Other recent studies have indicated that some mAbs can protect against both WEEV and EEEV in murine aerosol challenge [9]. Further, mAbs to the highly conserved fusion loop of E1 (which lies below the B-region of the E2 protein in the intact virus) have cross-neutralizing activity [39], confirming that diverse AV have a similar mechanisms of cell entry. Humans infected with EEEV can produce antibodies that also limit infection with VEEV or CHIKV [39], while those infected with CHIKV can produce antibodies that protect against multiple alphaviruses [40]. Most of the neutralizing mAbs against CHIKV and EEEV that have been structurally characterized bind to surface-exposed regions of the A and B domain of the E2 protein [41-44]. We are thus designing immunogens based on variable, surface-exposed regions of the E2 protein that will induce a promiscuous response and offer more robust protection against variants. We previously showed that PCPcon spike proteins based on the individual antigenic complexes, VEEVcon, or CHIKVcon, are recognized exclusively by antisera generated during infection with their cognate viruses, as would be expected based on their low sequence identity (<35%). In contrast, antisera generated during either VEEV or CHIKV infection recognize the PCPcon proteins, AllAV and Mosaikcon, which were calculated based on the sequences of VEEVcon, CHIKVcon and many additional AV reference strains [45], including other pathogens such as Ross River virus [46].
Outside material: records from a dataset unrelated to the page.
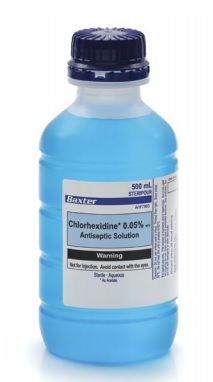 CHLORHEXIDINE 0.05% 500ML BLUE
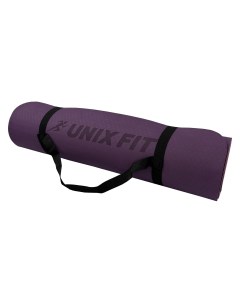 Коврик для йоги и фитнеса двусторонний 180х61х0 8см YMU8MMVT двуцветный фиолетовый Unixfit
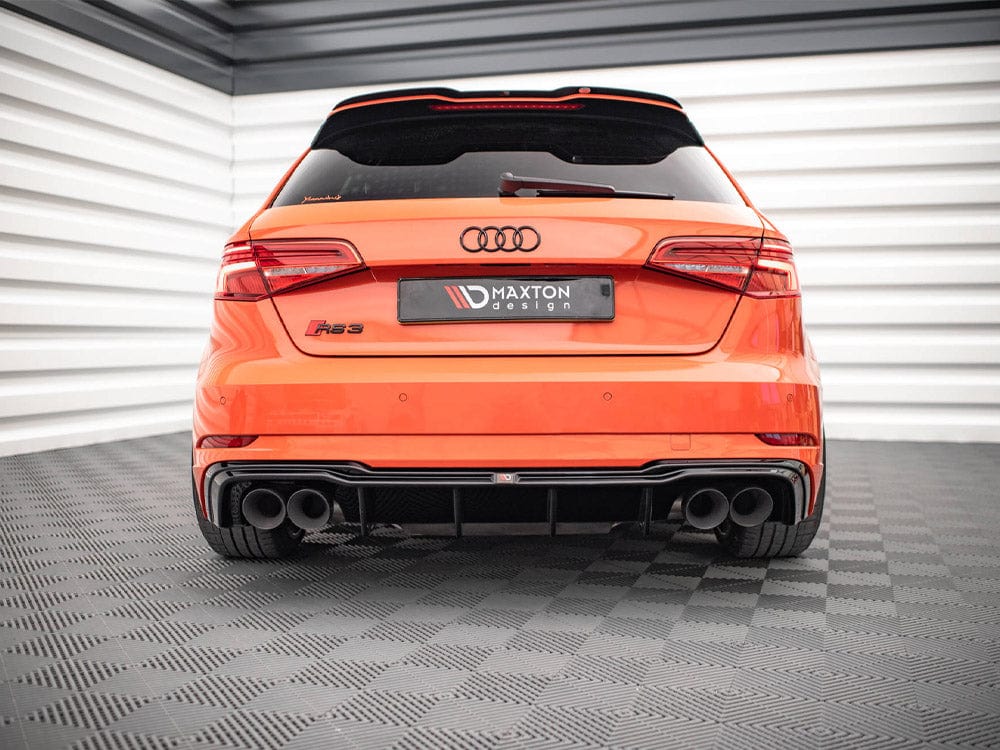 Maxton Design Gloss Black Rear Valance V.2 Audi RS3 Sportback 8V Facelift Maxton Design SR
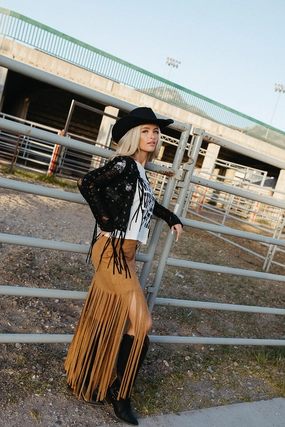 Song of the Canyon Fringe Skirt Dance Practice Timeless Trend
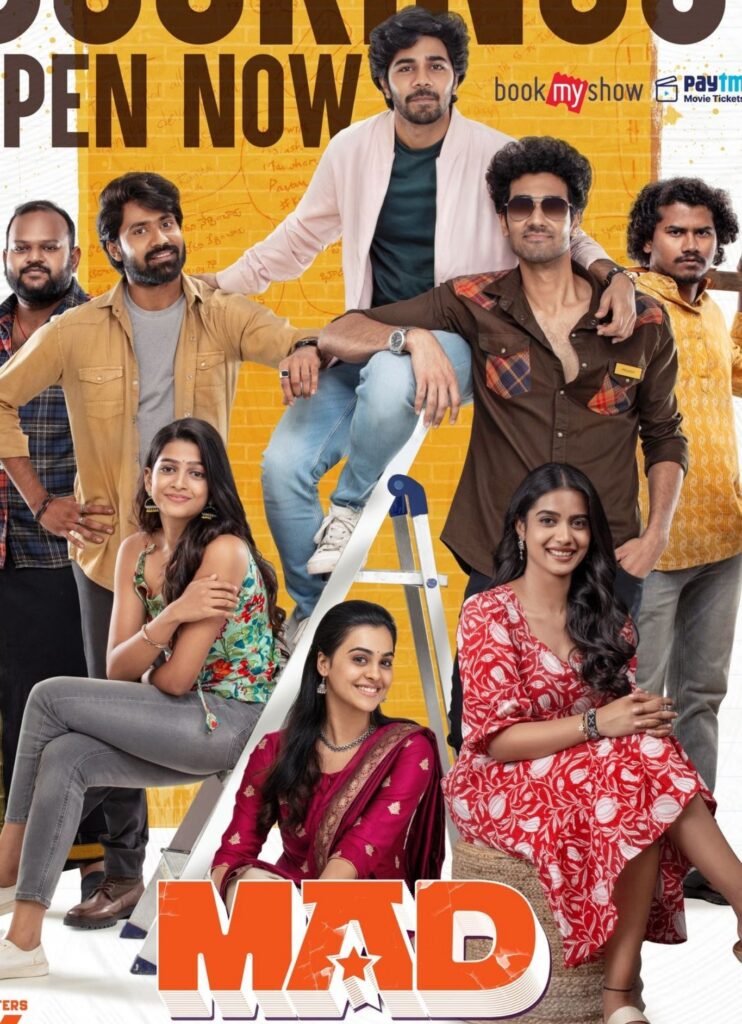 Free Mad (2023) (Hindi + Telugu) Dual Audio UnCut South Movie HD ESub Filmyzilla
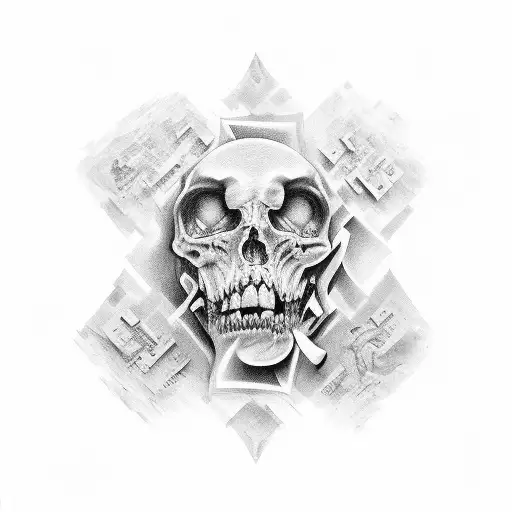 The numbers 13, 33, 42, 57, 68, and 19 on a piece of paper tattoo design idea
Here, we extended our protein repertoire to include EEEVcon, and designed EVCcon, a completely computationally derived protein based on EEEVcon, VEEVcon, and CHIKVcon. Both proteins have intermediate identity to both VEEVcon and CHIKVcon (Fig. 1a). We show that while recombinant EEEVcon, VEEVcon and CHIKVcon generate specific neutralizing antibodies, their consensus, EVCcon, generates a promiscuous immune response, able to neutralize representatives of all three species. Thus, this single protein antigen can generate antibodies against very diverse alphaviruses.
Materials and Methods
Protein design
The “PCPcon” program [30, 31] was used to convert alignments of the virus sequences to PCP-consensus sequences. The PCPcon program is related to PCPMer, a program developed to identify PCP-motifs in protein families [47-49]. The PCPs are defined by five quantitative descriptors of each amino acid obtained from multidimensional scaling of 270 physical chemical properties of the amino acids [50]. The program selects for each column in an amino acid alignment that is most similar in their PCPs to all the other naturally occurring in that column [30-32, 51, 52]. This approach to a consensus vaccine differs from that of others (such as [53-55]), which select residues based on frequency of occurrence in a selected group of sequences. Our method automatically reduces the weight of viral sequences with high superficial redundancy (i.e. viral sequences that differ from one another only at a few positions) in the calculation of the conservation of PCPs. We have shown, with examples from four different virus groups, that PCPcon peptides and proteins fold in a fashion similar to the wild-type proteins upon which they are based [45, 51], retain function [38, 52], are immunogenic and can stimulate broad spectrum antibodies. For example, a PCPcon antigen (7p8) stimulates antibodies that neutralize representatives of all four dengue serotypes [51].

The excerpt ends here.